This just in from the BBC: Technology giant Philips corporation sent some people to the extremely busy Singapore bus system to imagine an alternative to typical fixed-route bus service. The researchers' definition of the problem:
We discussed the benefits and limitations of the fixed-route system – it's clear such a system provided consistency in time and place (to get on and off), and to a certain extent convenience, but not completely. Flexibility is not what a fixed-route and fixed-time bus service system can offer. We have all experienced times when the bus is very empty or extremely packed, which means efficiency is best optimised at the bus-route level, but not individual bus level, since that bus is unable to respond to dynamic demand and traffic situations immediately. We all have all been in situations when there are only a few passengers in the bus and yet, the bus still has to plough through the entire fixed route, picking up no passengers along the way. The motivation was how to optimise the bus service by allowing the passengers and bus drivers to respond immediately to dynamic demand and traffic situations, not unlike a taxi that you can flag anywhere, anytime, and it will take you directly to your destination.
Needless to say, they came up with a massively all-demand-reponsive system identical to the one promoted last year by Gensler Associates, to which I responded (perhaps too colorfully) here. The idea is that now that you have a smartphone, the transit line should twist and turn to meet chase everyone's speciic need and that somehow this will be more efficient. As I said in response to Gensler, there's little to fear from this dystopian vision beause it's mathematically impossible.
In a place as crowded as Singapore, well-designed scheduled fixed routes are not just efficient but liberating. They're efficient on a large scale despite routine under- and overcrowding because they follow straight paths that thousands of people find useful at the same time. They're efficient because people gather at major stops where they board and alight in large numbers that are impossible in any demand-responsive form. Frequent fixed routes are liberating because they're there for you when you need them, just as subways are, so that you don't have to wonder whether some automated system will approve your request for transport.
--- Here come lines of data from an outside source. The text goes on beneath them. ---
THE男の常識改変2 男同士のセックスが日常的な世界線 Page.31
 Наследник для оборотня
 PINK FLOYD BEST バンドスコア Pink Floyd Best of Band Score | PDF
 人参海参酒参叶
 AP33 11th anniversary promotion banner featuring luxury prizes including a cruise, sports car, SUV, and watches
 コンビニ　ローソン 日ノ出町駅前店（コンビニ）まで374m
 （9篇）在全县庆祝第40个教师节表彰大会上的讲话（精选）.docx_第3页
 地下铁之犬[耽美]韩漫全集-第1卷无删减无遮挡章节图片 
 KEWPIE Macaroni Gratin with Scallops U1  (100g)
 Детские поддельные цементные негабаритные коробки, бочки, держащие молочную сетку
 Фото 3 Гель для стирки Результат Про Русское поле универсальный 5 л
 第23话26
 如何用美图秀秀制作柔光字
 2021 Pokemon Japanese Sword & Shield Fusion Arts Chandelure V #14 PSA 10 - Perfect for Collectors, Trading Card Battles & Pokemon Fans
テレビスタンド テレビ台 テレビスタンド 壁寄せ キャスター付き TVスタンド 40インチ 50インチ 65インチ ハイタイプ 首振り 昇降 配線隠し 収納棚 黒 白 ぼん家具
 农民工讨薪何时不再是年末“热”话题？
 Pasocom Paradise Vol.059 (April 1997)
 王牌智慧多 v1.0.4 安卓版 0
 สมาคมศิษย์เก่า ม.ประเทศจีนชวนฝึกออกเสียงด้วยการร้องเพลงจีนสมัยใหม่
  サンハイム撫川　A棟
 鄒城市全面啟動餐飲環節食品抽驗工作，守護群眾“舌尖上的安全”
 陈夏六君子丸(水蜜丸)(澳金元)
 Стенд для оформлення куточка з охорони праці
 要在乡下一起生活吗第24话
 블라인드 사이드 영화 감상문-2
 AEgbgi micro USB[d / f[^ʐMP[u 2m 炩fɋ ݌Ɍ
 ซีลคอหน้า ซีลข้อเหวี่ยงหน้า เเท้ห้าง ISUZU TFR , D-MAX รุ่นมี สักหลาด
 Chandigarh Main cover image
The all-demand-responsive vision can mean one of two things: (1) large buses that carry large numbers of people on complex variable routes, changing its route in response to every beep of desire from each of 5 million phones, or (2) fleets of very small vehicles each serving a few people on a more direct path. Vision (1) is a hellishly circuitous system to ride any distance on, while (2) is a vision of vastly more wasteful use of urban space, as people who are now carried in a space-efficient way are converted to a space-wasteful one. Vision (2) also requires either driverless technology or extremely cheap labor, which is why it only happens at scale in low-wage developing countries.
No, Singapore has built its success on subways, and is developing fixed, infrastructural bus lines that work more like subways.
Please don't call yourself a transit visionary until you've grappled with the facts and possibilities of transit network design, by reading a book, say, or taking a course!